Healthcare Law Update – February 2023

On January 30, 2023, the Biden Administration announced its intent to extend the automatic expiration of both the national emergency and public health emergency declarations related to the Covid-19 pandemic that have been in effect since 2020. The national emergency is set to expire on March 1, 2023, and the public health emergency is set to expire on April 11, 2023. The Biden Administration is planning to wind down both declarations by extending the expiration dates to May 11, 2023. The wind down does not impose or change any existing rules or regulations regarding Covid-19 testing, masking, or vaccine mandates. In connection with this announcement, the Centers for Medicare & Medicaid Services (CMS) provided an updated factsheet for Medicare and Medicaid providers regarding how the end of the declarations will impact existing Covid-19 waivers and flexibilities that have been in existence since 2020.

CMS Announces the Growth of Three Initiatives To Increase ACO Participation

On January 17, 2023, the Centers for Medicare & Medicaid Services (CMS) announced the expansion of three existing accountable care initiatives: the Medicare Shared Savings Program (MSSP), the Accountable Care Organization Realizing Equity, Access, and Community Health (ACO Reach) Model, and the Kidney Care Choices (KCC) Model.

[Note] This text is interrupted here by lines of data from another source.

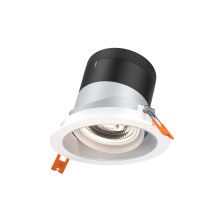 Dals CA RC04-CC-20-GMBAZ-TWH - 4in Modular Downlight, , 20 degree Beam Angle, Gimbal Reflector, Alzak, White Trim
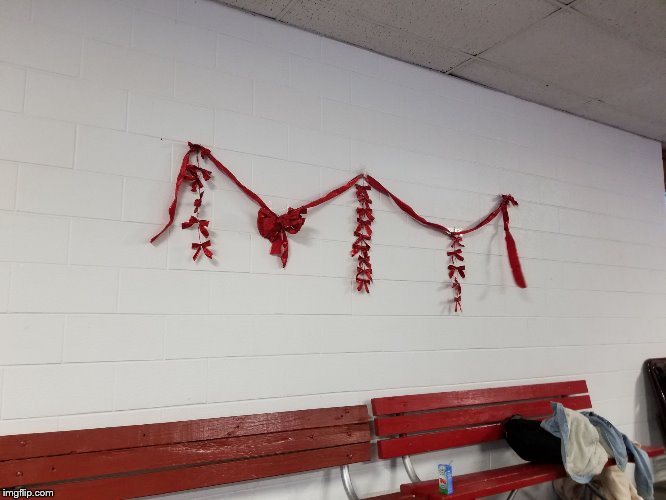 Messed up christmas decorations | image tagged in messed up christmas decorations | made w/ Imgflip meme maker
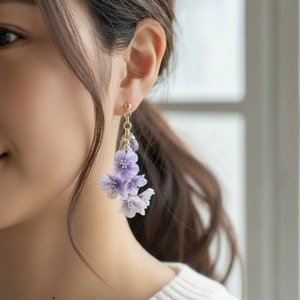 揺れる桜　夜桜〜ソメイヨシノ　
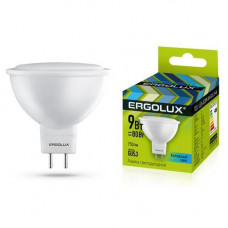 ERGOLUX (13625) LED-JCDR-9W-GU5.3-4K (Эл.лампа светодиодная JCDR 9Вт GU5.3 4500K 172-265В)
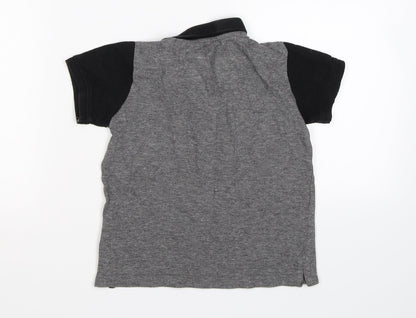 Rebel Boys Grey   Basic Polo Size 4-5 Years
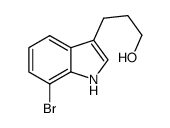 3-(7-bromo-1H-indol-3-yl)propan-1-ol结构式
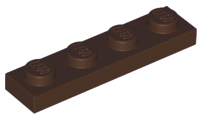 Plate 1 x 4 in Dark Brown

Accountable Care Organizations are groups of doctors, hospitals, and other healthcare providers, who collaborate to provide coordinated care to their Medicare beneficiaries. A brief description of each model is as follows:

• The Shared Savings Program is a permanent program in Medicare that was established by the Affordable Care Act. It is the largest accountable care initiative in the country. Policies finalized in the CY 2023 Medicare Physician Fee Schedule are expected to increase participation in the program, especially in rural and underserved areas.

• The ACO Reach Model aims to improve the quality of care through improved coordination and increased access to accountable care in underserved communities to close racial and ethnic disparities among people with traditional Medicare in accountable care relationships.

• The KCC Model focuses on coordinating care for Medicare beneficiaries with chronic kidney disease stages 4 and 5 and end-stage renal disease. The KCC Model also focuses on delaying the onset of dialysis and increasing access to kidney transplantation.

CMS is seeking to have all people with traditional Medicare in an accountable care relationship by 2030.

On January 30, 2023, the Centers for Medicare & Medicaid Services (CMS) released a final rule detailing how it will remedy overpayments to insurance companies administering Medicare Advantage Plans (MA Plans). The rule comes in response to audits of MA Plans from 2011 through 2013 that revealed inflation in the Risk Adjustment Data Validation (RADV) (CMS’s audit and oversight tool of MA Plans). CMS determined that the RADV was inflated because the medical diagnoses submitted for payment were not supported in the applicable medical record, resulting in significant overpayments to these MA Plans.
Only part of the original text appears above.